What are the responsibilities and job description for the DevOps Engineer position at ChabezTech LLC?
Job Title: Site Reliability Engineer (SRE) / DevOps Lead
Location: Remote (Client Location: New Jersey, USA)
Employment Type: Contract (Long-term)
About the Role:
We are seeking a highly skilled and experienced SRE/DevOps Lead for a long-term contract position to support our client based in New Jersey. In this role, you will design, implement, and maintain scalable, secure, and high-performing infrastructure and deployment pipelines.
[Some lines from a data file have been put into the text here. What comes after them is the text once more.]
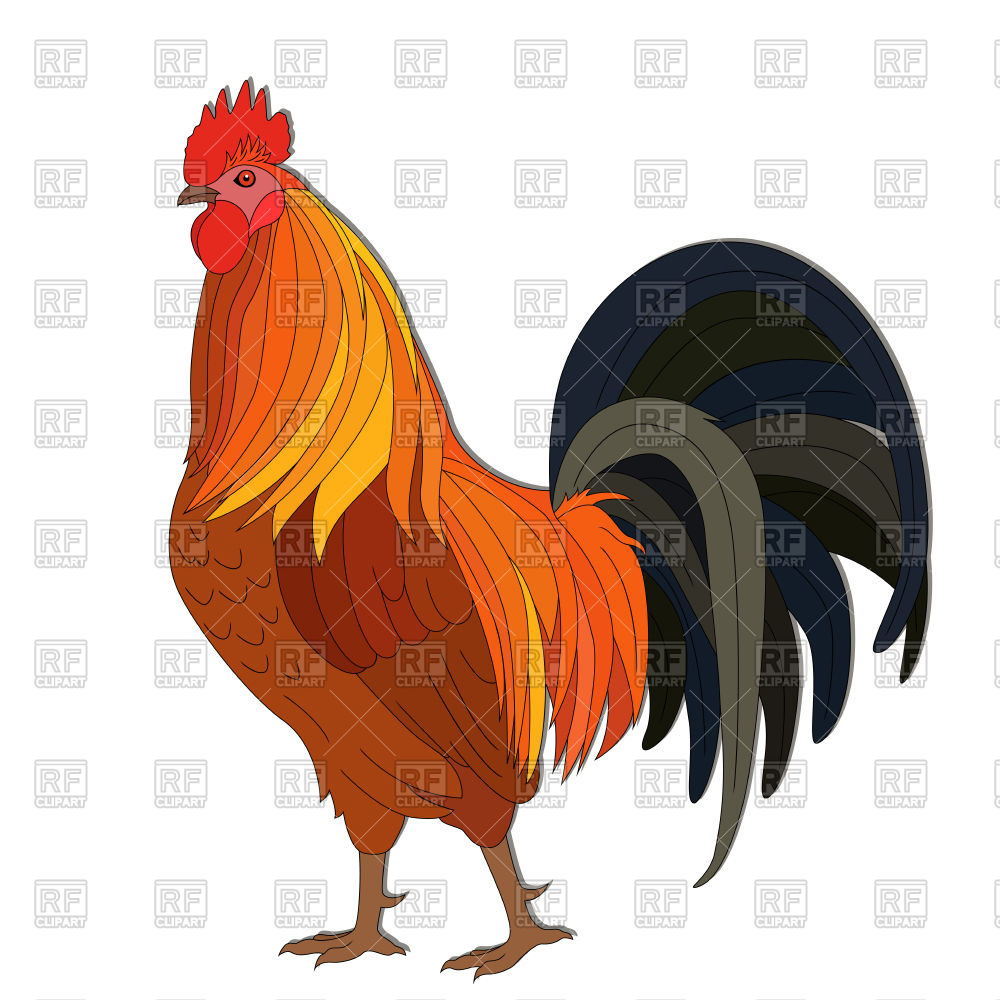 1000x1000 Arrogant Rooster With Dark Tail Royalty Free Vector Clip Art Image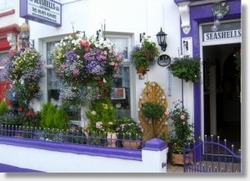 Seashells Guesthouse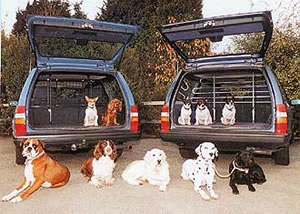 vcdogs.jpg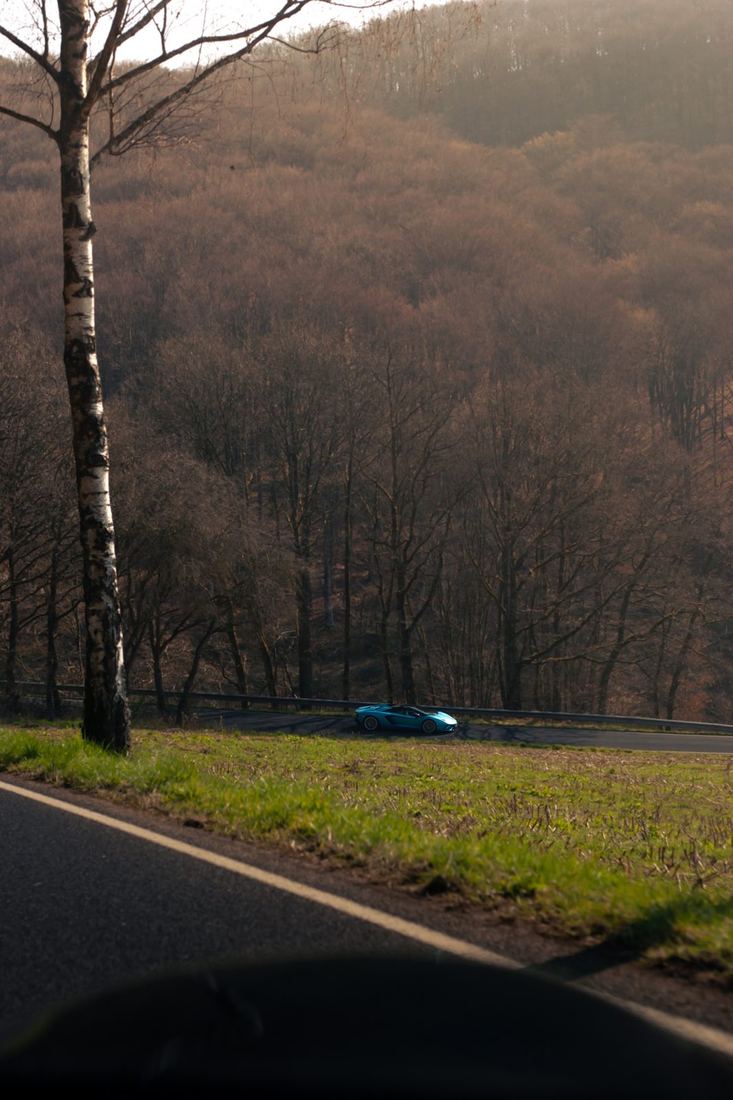 Blauwe Lamborghini in een bocht tussen de bossen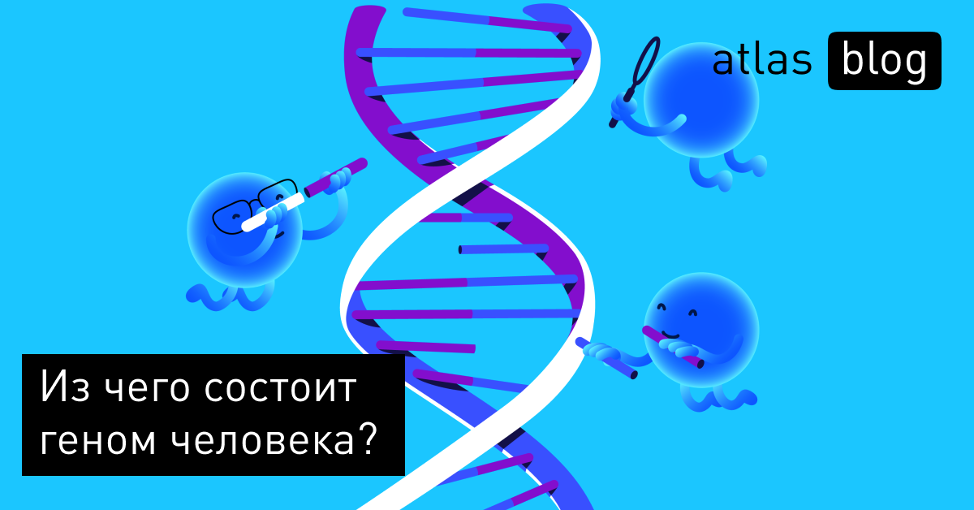 Что такое ДНК и из чего состоит геном человека?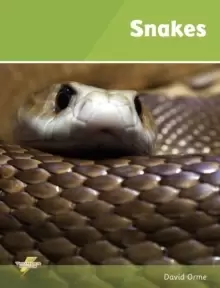 Image of Snakes : Set 1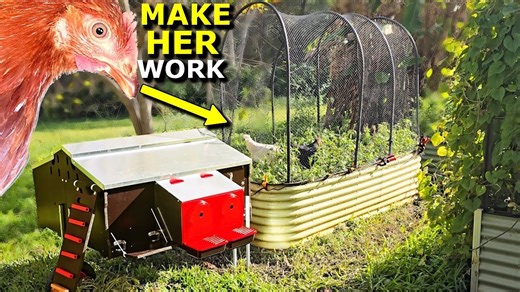 This chicken tractor hack saves me hours in the garden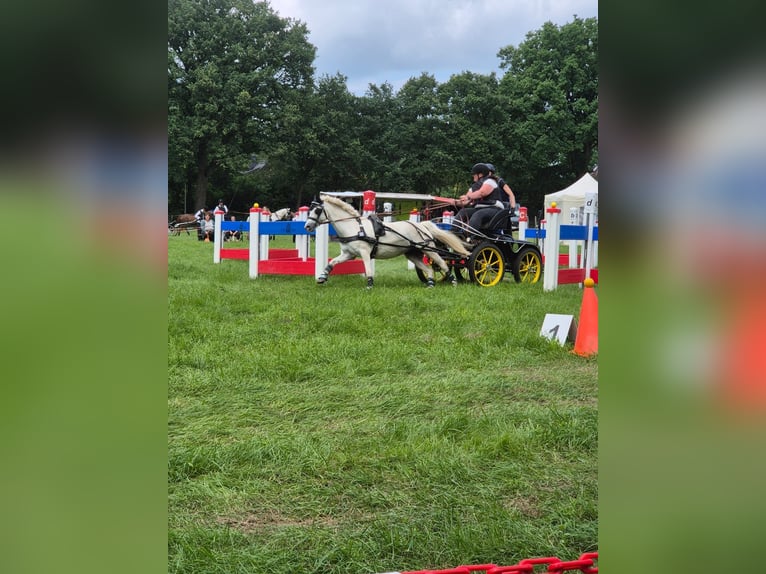 Welsh-A Stute 12 Jahre 120 cm Schimmel in Lübeck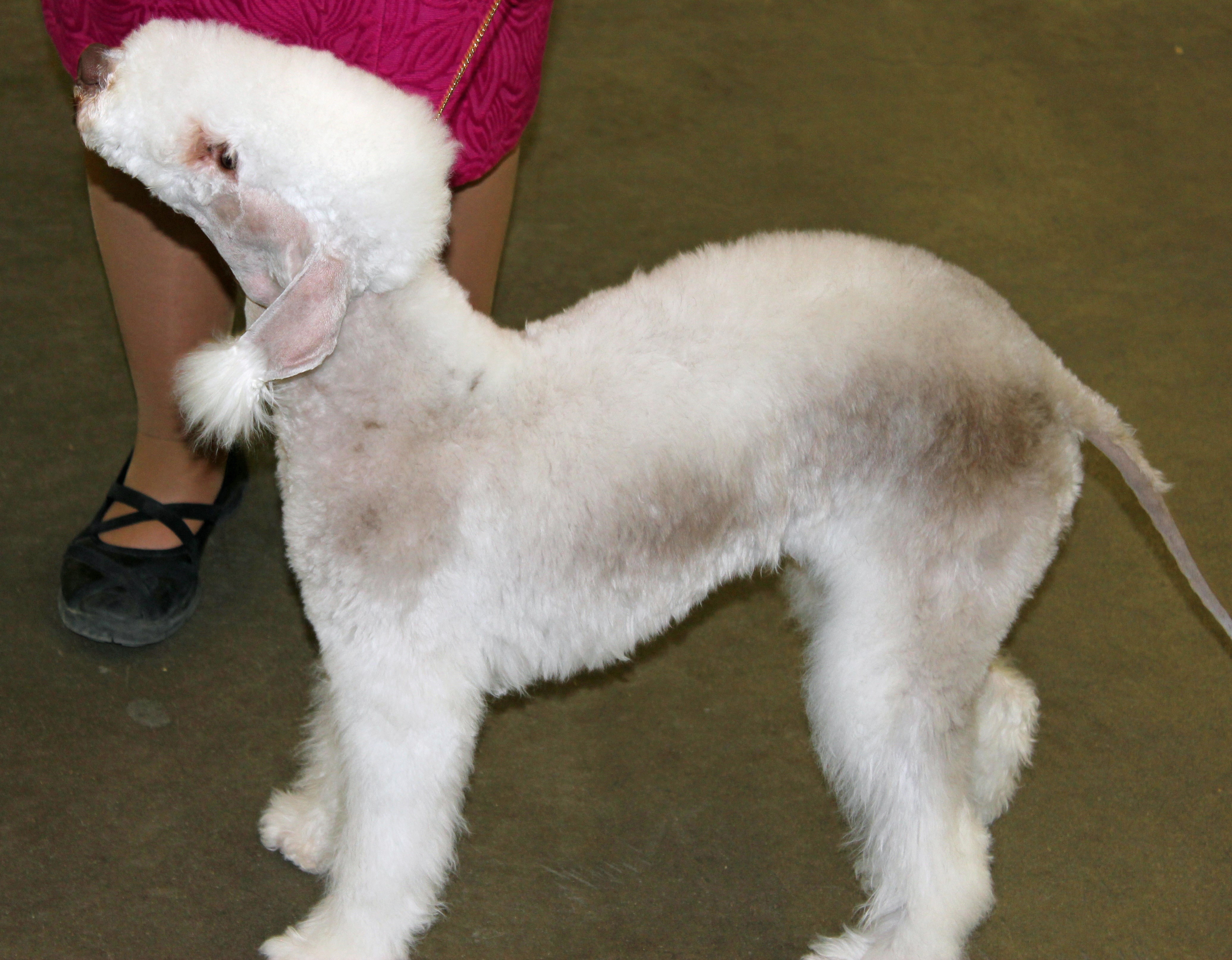 Bedlington Terrier dog HD Wallpaper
You will collaborate with cross-functional teams to ensure system reliability and operational excellence.
This is a remote role, but candidates must be flexible to work in alignment with EST hours.
Key Responsibilities:
- Design, implement, and manage highly available and scalable cloud-based infrastructure (e.g., AWS, Azure, or GCP).
- Develop, maintain, and enhance CI/CD pipelines to support automated deployments and seamless software delivery.
- Monitor and improve system performance, reliability, and security metrics while ensuring proactive incident management.
- Troubleshoot and resolve complex infrastructure and application issues in a timely manner.
- Implement best practices for Infrastructure as Code (IaC) using tools such as Terraform, CloudFormation, or Ansible.
- Lead efforts to adopt DevOps practices across teams, fostering a culture of collaboration and automation.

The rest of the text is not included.